MLton's closure conversion
Stephen Weeks
MLton@sourcelight.com
Tue, 10 Oct 2000 15:57:01 -0700 (PDT)
> Interesting. Note, one thing we can do is to delay any selection (or some of
> the selections) until you get to a split in the control flow such that some
> of the environment is dead in one of the branches. Since everything was
> flattened out already in the F2 example (non-curried case) this wouldn't help
> there, I could imagine big improvements otherwise. I.e., in one branch of
> that all the environment is dead, and in the other all of it is alive: thus
> you would just delay all selects (eliminating them from the fast case and
> delaying further in the slow case).
I sort of see what you're saying. Now that I think about it, it would be nice
if we could keep the closure converter as is, and express what we want as a CPS
to CPS transformation -- something that delays selects as long as possible.

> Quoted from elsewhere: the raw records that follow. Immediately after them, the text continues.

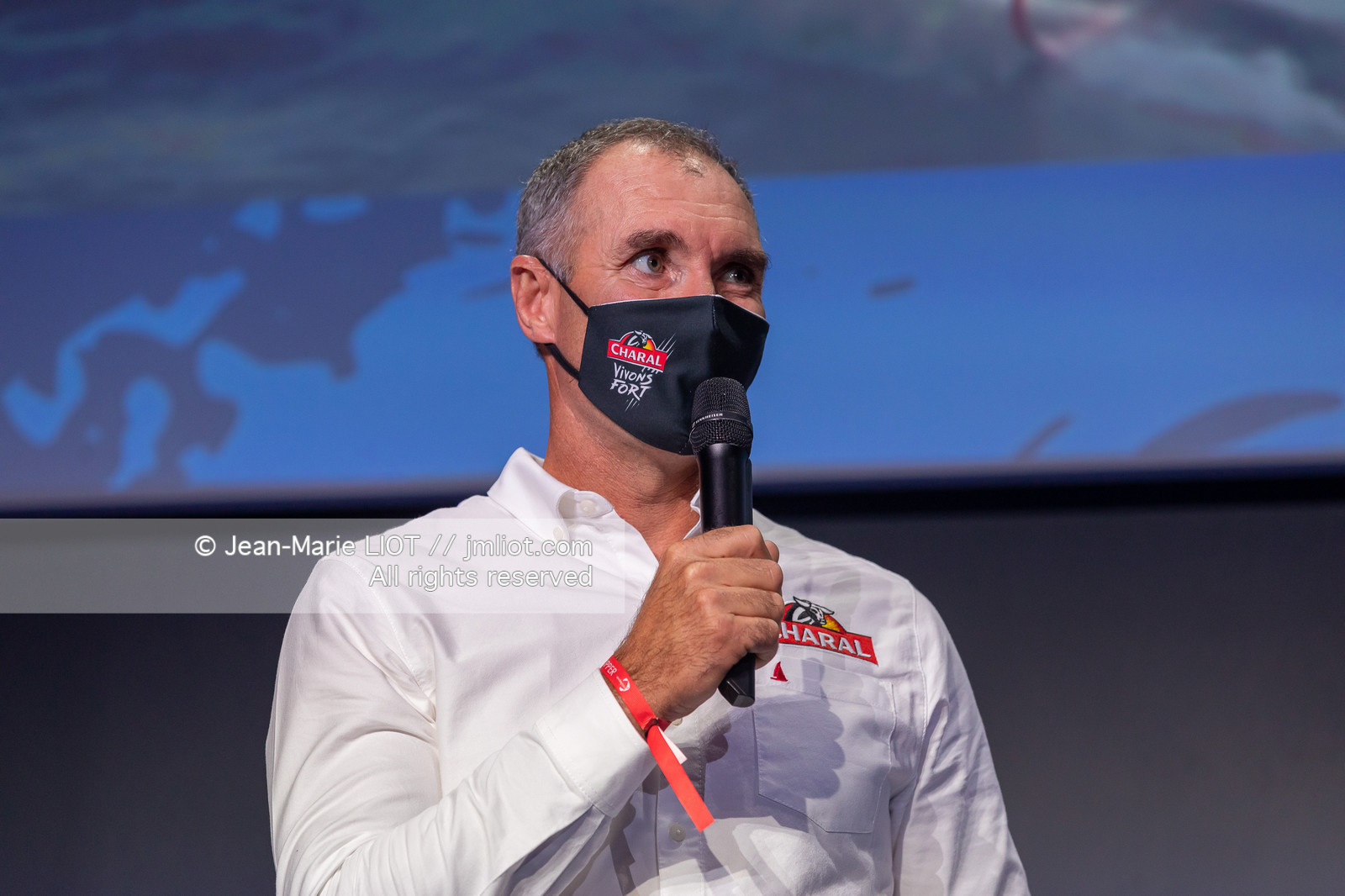 VENDEE GLOBE 2020-21 - CONFERENCE DE PRESSE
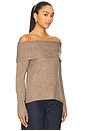 view 2 of 4 Kendra Sweater in Taupe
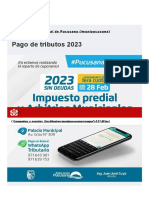 Pago de Tributos 2023 - Campañas - Municipalidad Distrital de Pucusana - Plataforma Del Estado Peruano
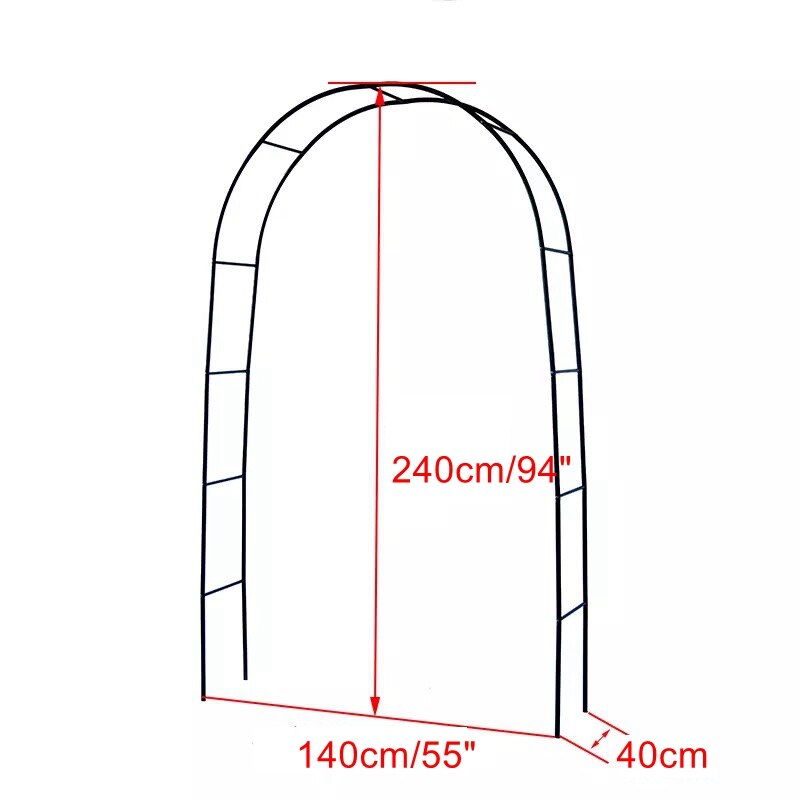 240 x 140cm metal bryllup bue pergola have bagtæppe stand buer vintage bryllup dekoration centerpieces diy bryllup favor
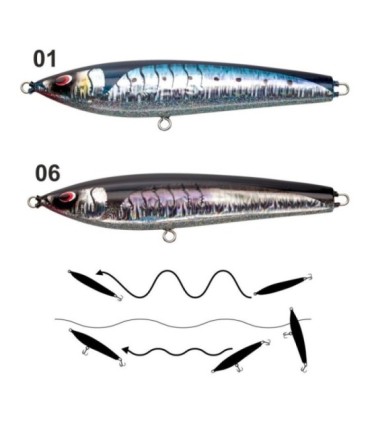 Sea Falcon Flachstecker 200mm-110gr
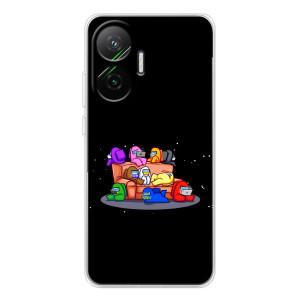 Чехол Амонг Ас для Xiaomi POCO F7 (AlphaPrint)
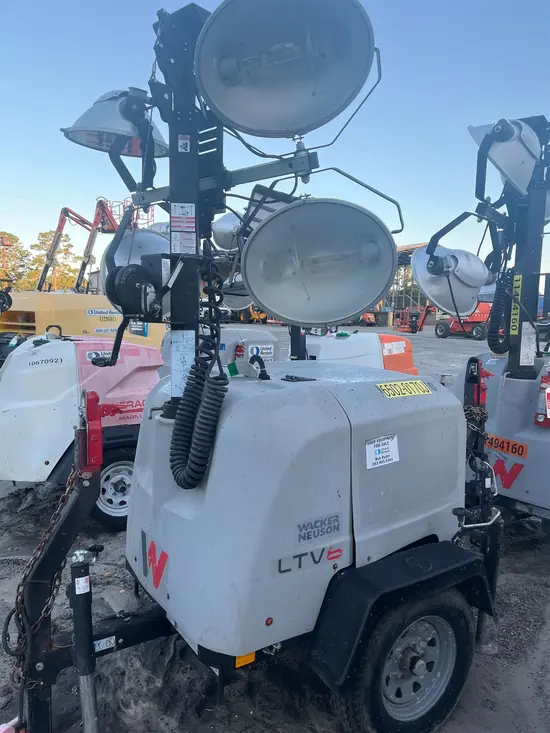 2018 Wacker Neuson LTV6K Portable Light Tower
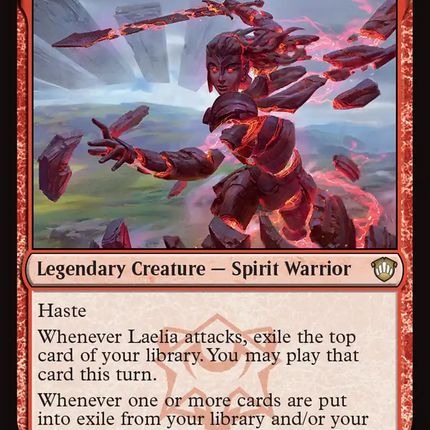Laelia, the Blade Reforged [Secrets of Strixhaven Commander]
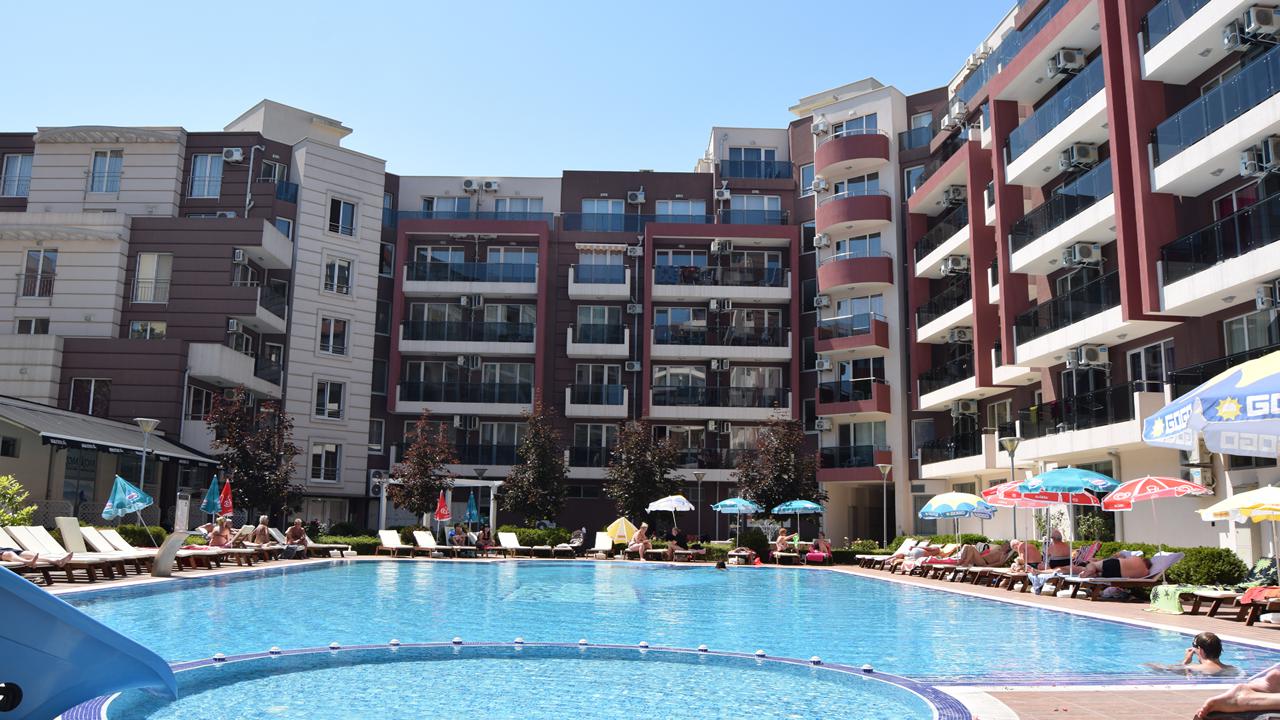 impressie Appartementen Admiral Plaza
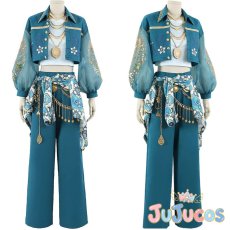 画像1: ツイステッドワンダーランド　ミナジール・ティラージャ　コスプレ衣装 (1)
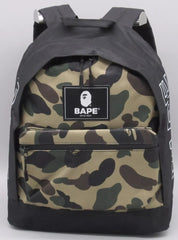 BAPE Green Camo Backpack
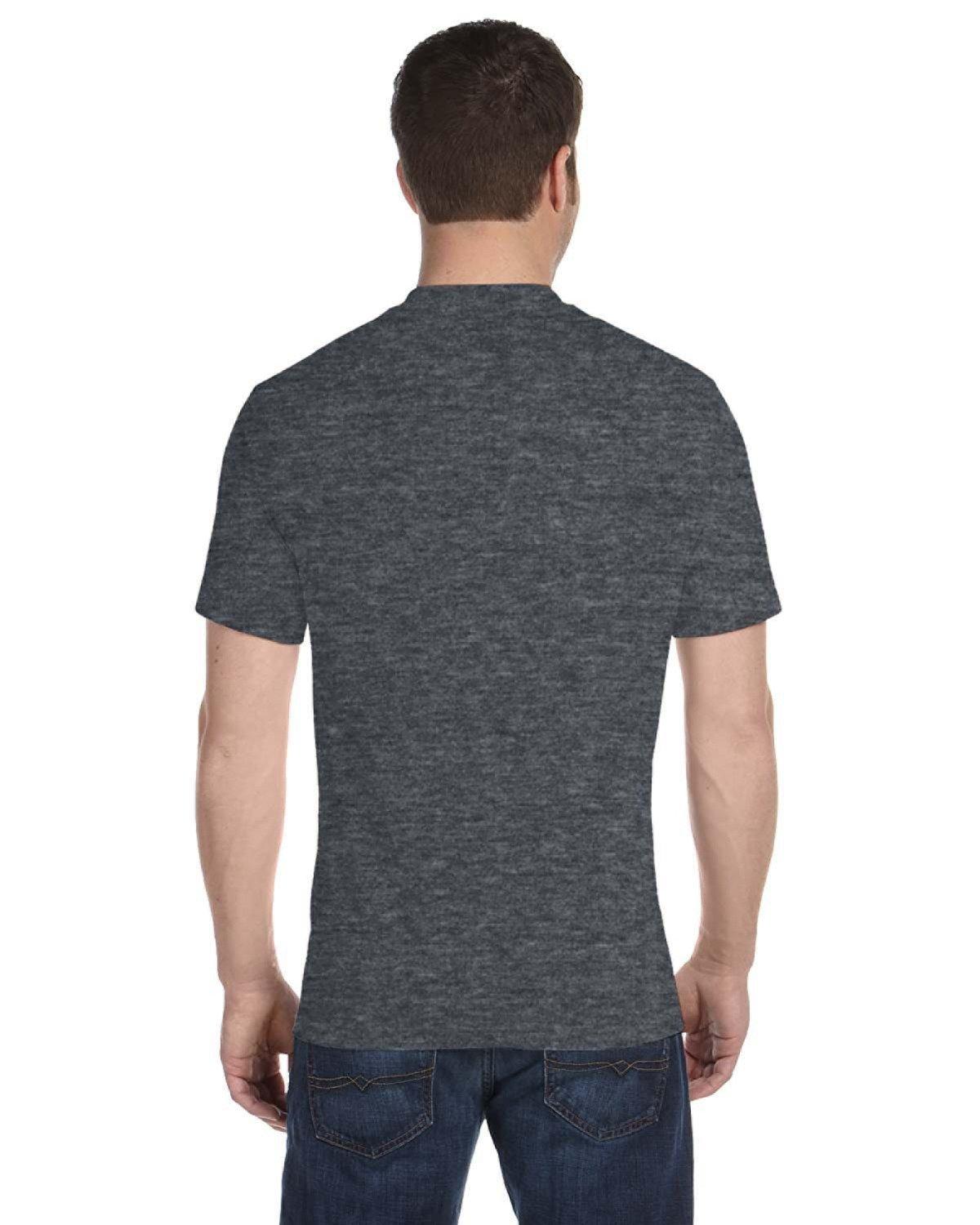 G800 Gildan Adult 50/50 T-Shirt - Back Image
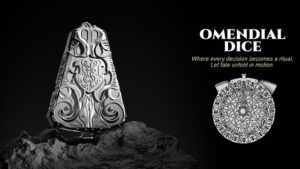 Kickstarter - OMENDIAL DICE—You don’t choose the outcome. You reveal it.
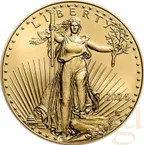 1/10 Unze Goldmünze American Eagle 2024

> The general problem of currying also is interesting. We tend not to use it,
> so it doesn't show up very much in our code. We could transform curried
> functions into curried calls to uncurried ones. I.e., replace
>
> fun f a b c =
> if a > 0
> then f (b + c) x (f y z w)
> else 17
>
> to
> fun f' (a, b, c) =
> if a > 0
> then f' (b + c, x, f' (y, z, w))
> else 17
>
> fun f a b c = f' (a, b, c)
>
> and then use the inliner to convert the f calls to f' in the case that it is
> completely called.
Yeah, I guess we really should put an uncurrier in. After all, it can't hurt,
can it? We know it doesn't help much on the standard benchmarks since they're
not very curried. But it certainly would have helped on that ported OCAML
code. Here's some old mail from Suresh about an uncurrier he wrote. Suresh,
could you send me the latest version of that uncurrier, and I'll look into
cleaning it up and putting it in.
> From: Suresh Jagannathan <suresh@research.nj.nec.com>
> To: MLton@research.nj.nec.com
> Subject: preliminary times w/uncurrier
> Date: Mon, 22 Nov 1999 20:37:17 -0500
>
>
> Here are times for representative small benchmarks gathered running on my local
> machine. Basically, (except for life) uncurrying doesn't buy a whole lot. The
> implementation I'm using is what Steven originally suggested: a bottom-up walk
> of the program replacing fully applied curried calls with their uncurried
> equivalent. Quickly glancing at the programs (in their uncurried and curried
> forms) reveals a number of places where curried functions are indeed replaced,
> but I suspect that by and large the benefit of replacing a function call or two
> is partially masked by the need to cons a new tuple. Of course, I haven't been
> able to get the kit to run yet. That's my next step, but unless something very
> unusual is taking place there, these numbers imply we're unlikely to see any
> significant improvement.
>
>
> Benchmark Time (uncurried) Time (curried)
> ===============================================
> barnes-hut 17.34 17.72
> count-graphs 19.37 20.33
> knuth-bendix 22.18 22.88
> lexgen 47.60 47.02
> life 73.02 79.17
> logic 79.17 78.12
> mandelbrot 19.20 19.12
> matrix-multiply 18.21 18.21
> nucleic 33.72 33.51
> simple 27.34 28.47
> tsp 38.46 38.41
> zern 67.08 67.47